'This is not the petition response you're looking for' - Death Star plans rejected by White House
Statement says the White House is keen to emphasise its belief in galactic peace, saying that it does not support the blowing up of other planets
Sunday 13 January 2013
The US government has rejected a petition calling for the building of a Death Star battle-station, on the grounds that the administration does not support the destruction of other planets.
The proposals were submitted on the White House website, where they attracted 34,000 signatures, meaning it qualified for an official response.
The White House is obliged to respond to all petitions that get more than 25,000 signatures.
In a tongue-in-cheek response a senior US government official said the Obama administration "does not support blowing up planets".
The official also said the cost of building the Death Star, estimated to be around $850 quadrillion, was too high.
Star Wars fans submitted the petition saying the building of the giant battle-station, which is armed with a superlaser with the power to obliterate planets, would spur job creation and strengthen defence.
The petition called on the government to begin construction by 2016.
In a lengthy statement on the White House website entitled: 'This is not the petition response you're looking for', Paul Shawcross, Chief of the Science and Space Branch of the White House Office of Management and Budget, writes: "The construction of the Death Star has been estimated to cost more than $850,000,000,000,000,000. We're working hard to reduce the deficit, not expand it."

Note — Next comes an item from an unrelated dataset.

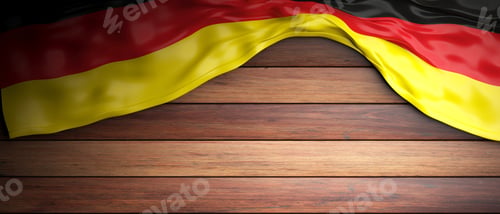 Preview: Germany flag placed on wooden background with copyspace. 3d illustration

It goes on to state that the administration "does not support blowing up planets", and asks: "Why would we spend countless taxpayer dollars on a Death Star with a fundamental flaw that can be exploited by a one-man starship?"
The statement goes on to draw comparisons between a Death Star and the football field-sized International Space Station.
It also points out that the Nasa Mars Rover is equipped with a laser.
The statement also says the White House is keen to emphasis its belief in galactic peace.
Mr Shawcross signs off by urging students to pursue careers in science-related fields.
"If you do pursue a career in a science, technology, engineering or math-related field, the Force will be with us!" he wrote.
"Remember, the Death Star's power to destroy a planet, or even a whole star system, is insignificant next to the power of the Force."